Now let's say someone has a big pile of mortgages. These all will have various interest rates and the payers will have various credit ratings and payment histories, but we can combine the mortgages into groups, and create new derivative securities that look like bonds out of them. Depending on how we group them, we can get low-interest, high credit rating ones together, or high-interest, lower rated ones, and create new bond-like securities with similar properties. The risk that a few of the mortgages might go into default gets built into the new mortgage-backed security's discount, effectively raising the interest rate. If the group has a lot of mortgages that might default, then the new security is more like a junk bond, and its price should drop and interest rate rise accordingly. The problem with these new securities is that it's hard for someone to tell whether a given instance really ought to be considered AAA or junk without going through all of the underlying mortgages and checking each one. One of them might have started out in good shape, but be composed of mortgages from somewhere that just had a big plant close, and suddenly lots of those houses are on the market for cheap, and how would you know? You rely on the credit rating agencies to stay on top of it, but this level of detail may be beyond them.
So, let's say you have some bond, and you're willing to part with some of the interest on the bond in return for a guarantee that you'll get your principal back, because you're worried about that more than you want a high return. Say someone comes along and says, I will agree to buy your bond from you at par (that is, the present value of the face value of the bond at maturity at the prevailing interest rate) if something happens to it to significantly change its value, such as going into default, and in return, all I ask is that you pay me all the interest your bond pays over and above what a treasury note with the same maturity pays, plus a little extra for my trouble. What you're doing is taking your bond and turning it into something more like a treasury note, because someone else has agreed to take on the default risk in return for a risk premium. This kind of derivative is called a credit default swap, and it's what got AIG into such awful straits.
What happened was, AIG and others were busy minting money by taking on the default risk for mortgage-backed securities, because they figured there was no way to lose - house prices just go up, right? And more and more financial institutions were willing to buy the mortgage-backed securities because companies like AIG were willing to sign up for the default risks, which were hidden inside and not really reflected in the price of the securities. And the mortgage companies that created the mortgage-backed securities and sold them to banks and insurers and brokerages, were busily plowing the money they got from selling them into making ever more mortgages to ever less credit-worthy borrowers, who were busy driving up the price of housing with their borrowed money.

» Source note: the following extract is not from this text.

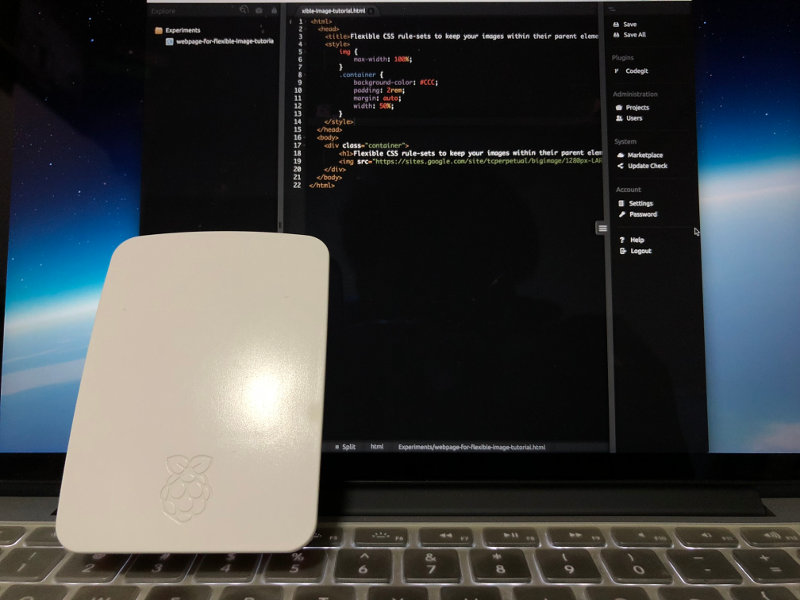 Raspberry Pi 3 with Codiad Web IDE window as the background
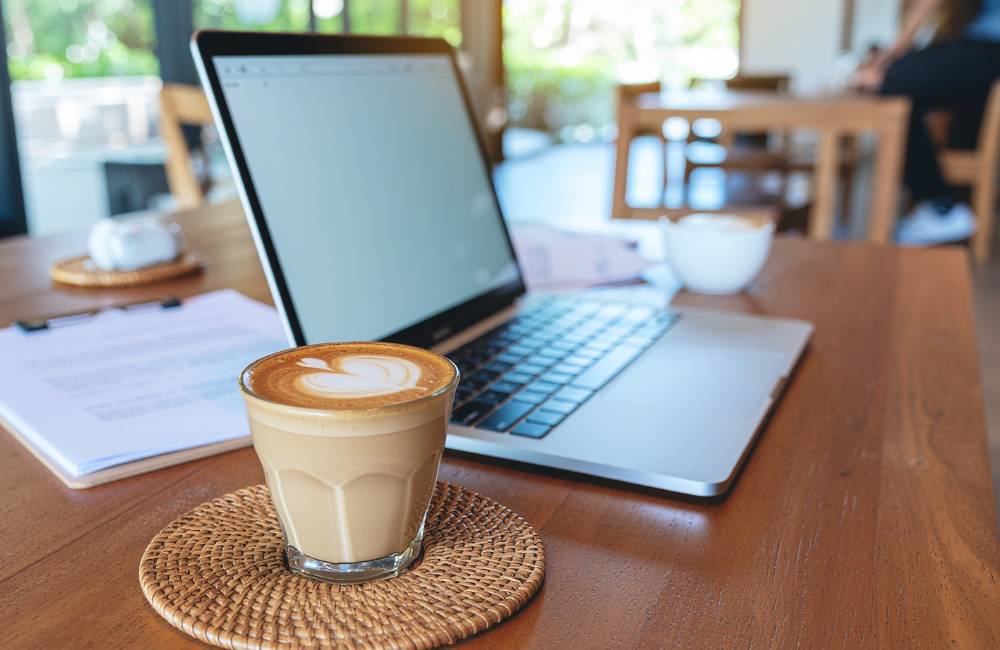 カフェのような落ち着いた雰囲気の木製テーブルに置かれたノートパソコンとコーヒー。自分に合った中古PCを手に入れ、充実したデジタルライフを送る様子を表現しています.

And then the bubble popped.
Gradually, sub-prime borrowers, and a few prime ones, got in trouble as their teaser-rate variable mortgages started getting adjusted upwards, the economy slowed and house prices fell, and they couldn't refinance into something they could afford. More and more mortgages went into default, showing up as these mortgage-backed securities not making their interest payments and going into default even when they'd gotten high ratings from the credit rating firms. Financial institutions started looking into their portfolios and finding these hot potatoes and all started trying to unload them at the same time, and the market evaporated. They had to come up with more cash to cover the lost interest payments they weren't getting anymore on these things, to try and avoid going into default themselves, and cash started getting hard to come by. Firms like AIG that had guaranteed the securities without much of a cash reserve started getting viciously squeezed. Firms that had purchased the securities with borrowed money found that they had no way to get money to pay their lenders, since they couldn't sell them at any price. That's when the excrement really struck the rotational airflow facilitators.
When you buy something, and its price drops, the most you can lose is what you paid for it. When you buy something with borrowed money, and its price drops, you can lose more than you started with and find yourself in a deep debt hole. And if you can't service your debt, then whoever lent you the money feels the pain, too. If you're a major financial player and it's also going on with a bunch of other major players, it can snowball into a general financial meltdown. And so even though the underlying market value for houses has dropped by maybe 20%, and foreclosure rates are still just a small fraction of total mortgages, the number of firms that have had their capital wiped out as a result is impressive. Or perhaps depressive.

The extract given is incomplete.